L'entente de principe survenue in extremis entre Air Canada et le SCFP démontre que «le gouvernement fédéral et la direction d'Air Canada nous ont sous-estimés». Ils ont aussi sous-estimé les 10 000 agents de bord qui ont «mis leur pied à terre» avec courage, affirme le président du SCFP-Québec, Patrick Gloutney.
Le Syndicat canadien de la fonction publique (SCFP), qui est affilié à la FTQ au Québec, représente les agents de bord d'Air Canada.

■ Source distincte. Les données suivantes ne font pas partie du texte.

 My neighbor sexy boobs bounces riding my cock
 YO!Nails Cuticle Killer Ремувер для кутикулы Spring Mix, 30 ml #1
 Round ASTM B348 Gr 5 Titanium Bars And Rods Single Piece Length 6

Ceux-ci ont conclu une entente de principe, tôt mardi matin, après l'intervention de la ministre fédérale de l'Emploi, Patty Hajdu, qui a imposé l'arbitrage — ce qui aurait dû mettre fin à la grève et au lock-out — et l'intervention du Conseil canadien des relations industrielles, qui avait déclaré la grève illégale.
Qu'est-ce qui a fait qu'une entente de principe a pu survenir, dans un contexte aussi tendu et envenimé? «On a mis notre pied à terre et on s'est fait respecter comme organisation syndicale», a répondu du tac au tac M. Gloutney, en entrevue.

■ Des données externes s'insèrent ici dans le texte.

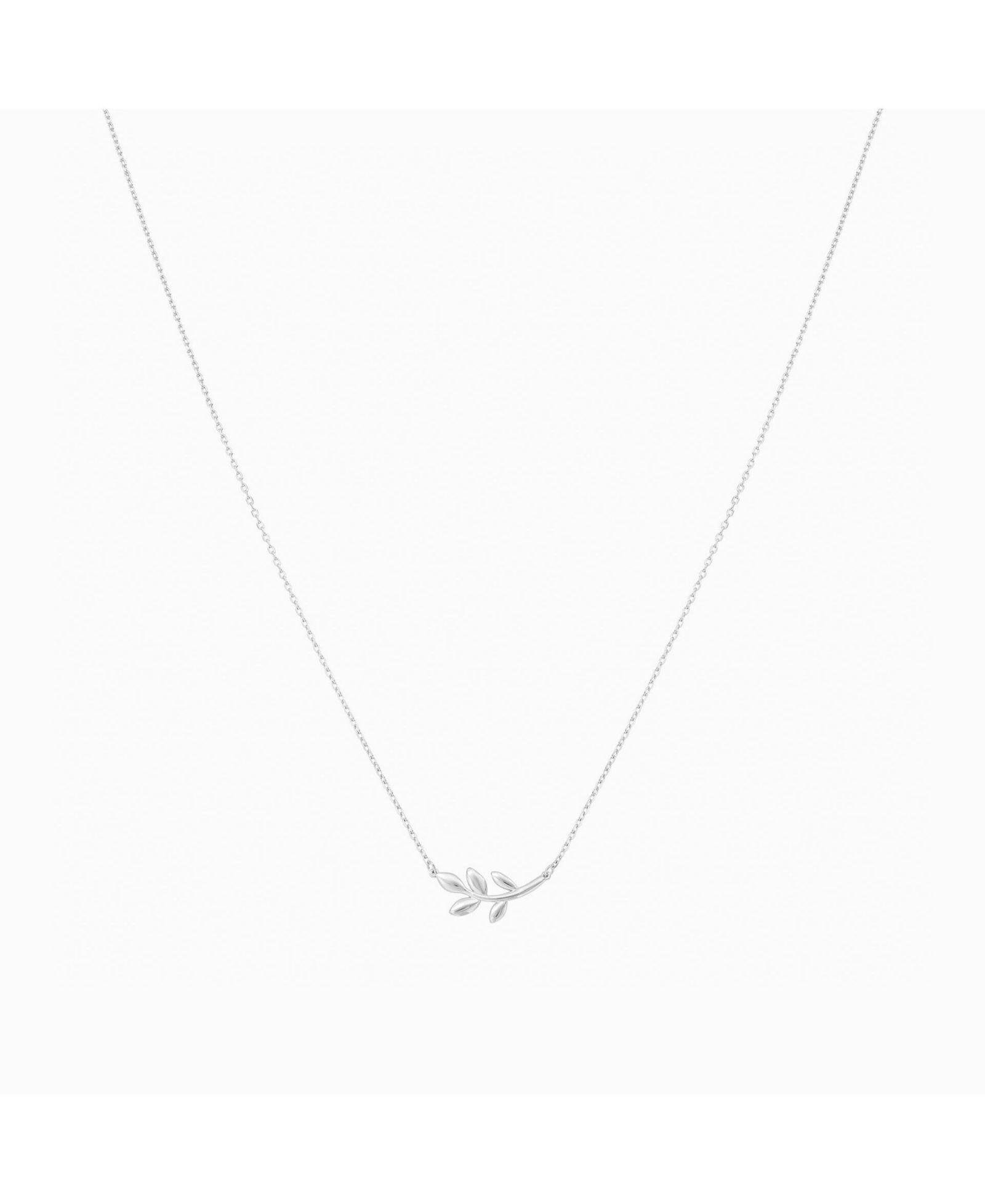Bearfruit Jewelry Sterling Silver 18k Gold Plated Olivia Ожерелье минималистичное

«C'est clair que le gouvernement fédéral et la direction d'Air Canada nous ont sous-estimés, ont surtout sous-estimé les 10 000 agents de bord et notre syndicat, mais, surtout, le mouvement syndical dans son entièreté», a tranché M. Gloutney.
«L'article 107 (du Code canadien du travail, qui a été invoqué pour imposer l'arbitrage), clairement, brime le droit à la liberté d'association et au droit de négociation. Et même, on pense que c'est totalement illégal et contre la Charte. Le gouvernement, actuellement, par l'entremise d'Air Canada, ont tiré dans leur chaloupe en agissant de la sorte», a estimé M. Gloutney.

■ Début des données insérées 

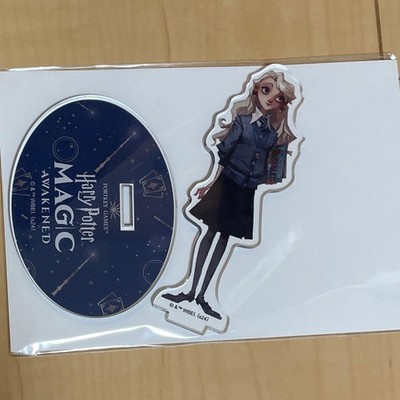 Harry Potter Magic Awakening Acrylic Stand Luna Lovegood, Used, Minor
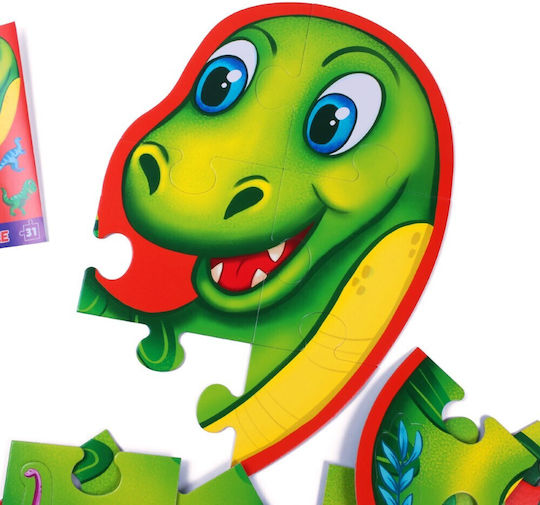 Παιδικό Puzzle Δεινόσαυροι Roter Kafer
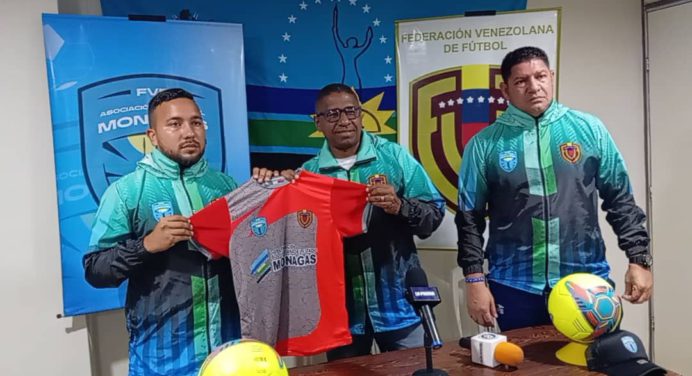 Edgardo Cegarra comandará la selección 2012 de fútbol en Monagas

Il appartiendra maintenant aux agents de bord de se prononcer sur le contenu de l'entente de principe. M. Gloutney n'a pas révélé le contenu de l'entente, puisque les membres doivent en avoir la primeur.
À venir au Québec?
Comme les présidents de centrales syndicales du Québec, le président du SCFP-Québec craint que d'autres syndicats subissent le même traitement que les agents de bord sur la scène fédérale, avec la nouvelle loi au Québec qui limite les effets des grèves et lock-out.
La nouvelle loi québécoise, adoptée en mai, donne au ministre du Travail le pouvoir d'imposer l'arbitrage aux parties, «s’il estime qu’une grève ou un lock-out cause ou menace de causer un préjudice grave ou irréparable à la population». Elle précise qu'«une telle décision du ministre met fin à la grève ou au lock-out en cours».
La nouvelle loi québécoise introduit aussi la notion de «services minimalement requis», en cas de grève ou lock-out, en plus de ceux qui étaient déjà prévus dans le Code du travail du Québec, à savoir les services essentiels.
Il s'agit alors de «services minimalement requis pour éviter que ne soit affectée de manière disproportionnée la sécurité sociale, économique ou environnementale de la population, notamment celle des personnes en situation de vulnérabilité», précise-t-on dans la nouvelle loi.
«La leçon à tirer de la négociation chez Air Canada, c'est que le mouvement syndical ne se laissera pas faire. Et, comme je l'ai dit depuis le début avec le projet de loi 89 (du ministre Jean Boulet): le gouvernement a voulu partir en guerre avec nous, et il y aura des conséquences», a tonné M. Gloutney.
Les centrales ont déjà fait part de leur volonté de contester éventuellement cette loi devant les tribunaux.